ENGRAVING: THE ESTHER CLARK WRIGHT ARCHIVES / ACADIA UNIVERSITY, USED WITH PERMISSION

16: PERCENTAGE OF NOVA SCOTIAN POPULATION THAT WAS BAPTIST IN THE 1827 CENSUS

GEORGE A. RAWLYK, RAVISHED BY THE SPIRIT: RELIGIOUS REVIVALS, BAPTISTS, AND HENRY ALLINE, MCGILL-QUEEN’S UNIVERSITY PRESS, 1984.

These were wild times that fit Manning’s wild streak. Together with a group of other young men, he became a central figure in an extreme movement called the New Dispensation. It taught that believers, because of their direct relationship with God, no longer needed to follow moral rules or church teachings, or even rely on the Bible. They disrupted services and split churches, preaching whatever (they believed) the Spirit led them to preach – no Bible needed.

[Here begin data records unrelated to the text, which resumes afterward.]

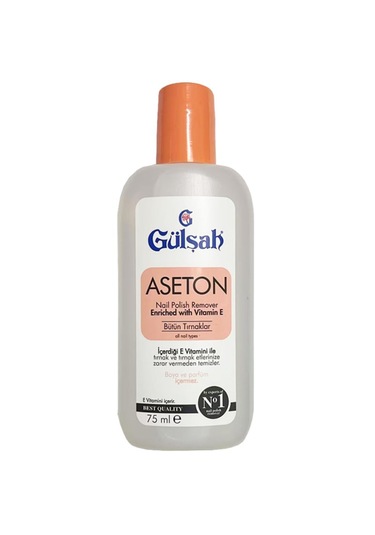 Gülşah Aseton Küçük 75 Ml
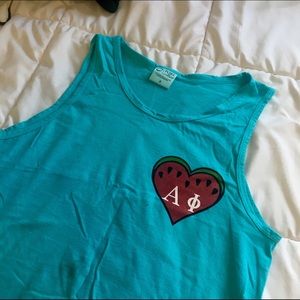 Watermelon Alpha Phi shirt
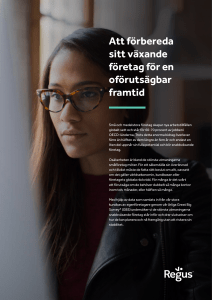Att förbereda sitt växande företag för en oförutsägbar framtid
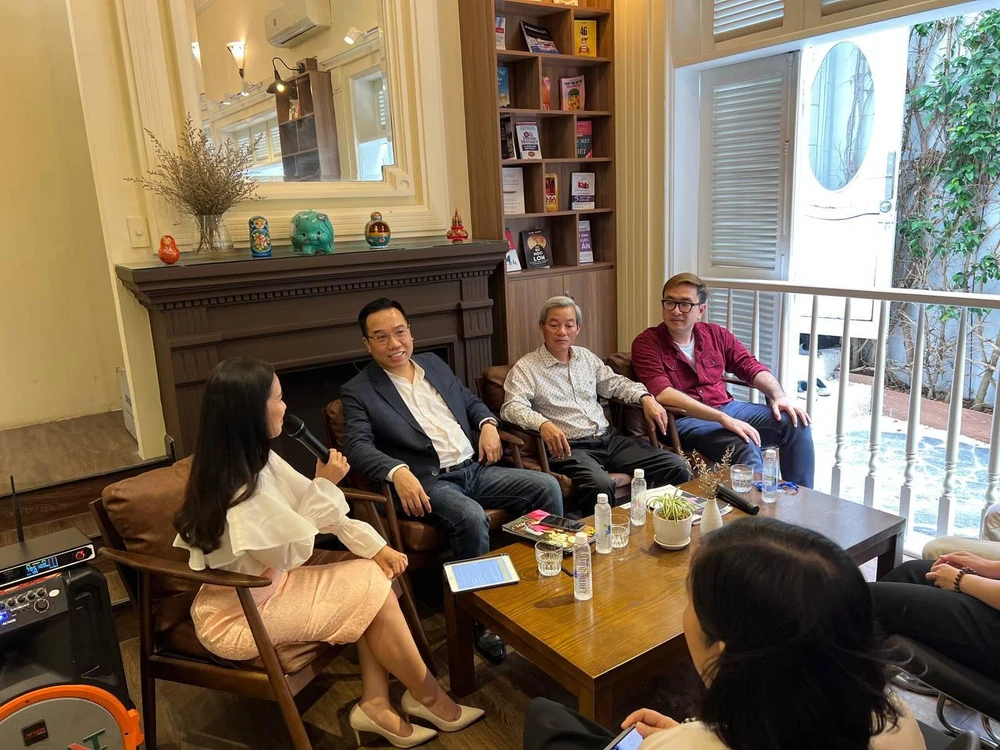 Toạ đàm “Sách nói với phát triển văn hóa đọc cộng đồng” ngày 19-4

As had happened before and since in church history, people began to do bizarre and disturbing things under the influence of such ideas. Manning had enough second thoughts that he left the movement in 1792.

Tragically, an incident in 1805 in neighbouring New Brunswick showed just how dangerous the New Dispensation could be. Encouraged by its teachings, a young woman named Sarah Babcock had claimed to be a prophetess and began predicting the Lord would soon return. This message triggered something sinister in her father Amasa. One day he ran through the snow barefoot shouting, "The world is coming to an end!" and when he re-entered the house, he assembled his family and ordered his sister Mercy and brother Jonathan to strip naked – while he sharpened a long knife. Shouting, "The Cross of Christ!" he suddenly and fatally stabbed Mercy. Fortunately the rest of the family came to their senses, escaped, and with the help of neighbours were able to subdue Amasa. He too was hanged for murder.

According to historian George Rawlyk, the incident helped convince Manning he had been right to turn from such "great irregularities." He became a stable pastor of a local church, adopted a carefully worked out system of doctrine (Baptist Calvinism) and promoted sound church organization. Manning strongly agreed with a friend who wrote to him that "Zeal is very useful … but it should be accompanied with wisdom lest it should do, as it has often done, much harm."

Manning was instrumental in setting up an association of pastors and churches that could hold each other accountable, which developed into the main Baptist denomination in the region. He founded Horton Academy, a school for boys in Wolfville, in 1830, and led the drive to start a college which eventually became Acadia University. He successfully challenged unjust laws that limited licenses to perform marriages to only Anglican clergy. He even convinced Nova Scotia Baptists to sponsor their first overseas missionary (Richard E. Burpee), who went to Burma in 1845.

He faced challenges too – poor health for him and his wife, the death of two of his daughters and a congregation that failed to pay him a regular salary. But he devoted the rest of his life to adding wisdom to zeal, and helped lay the foundation for a Maritime evangelicalism that possessed both.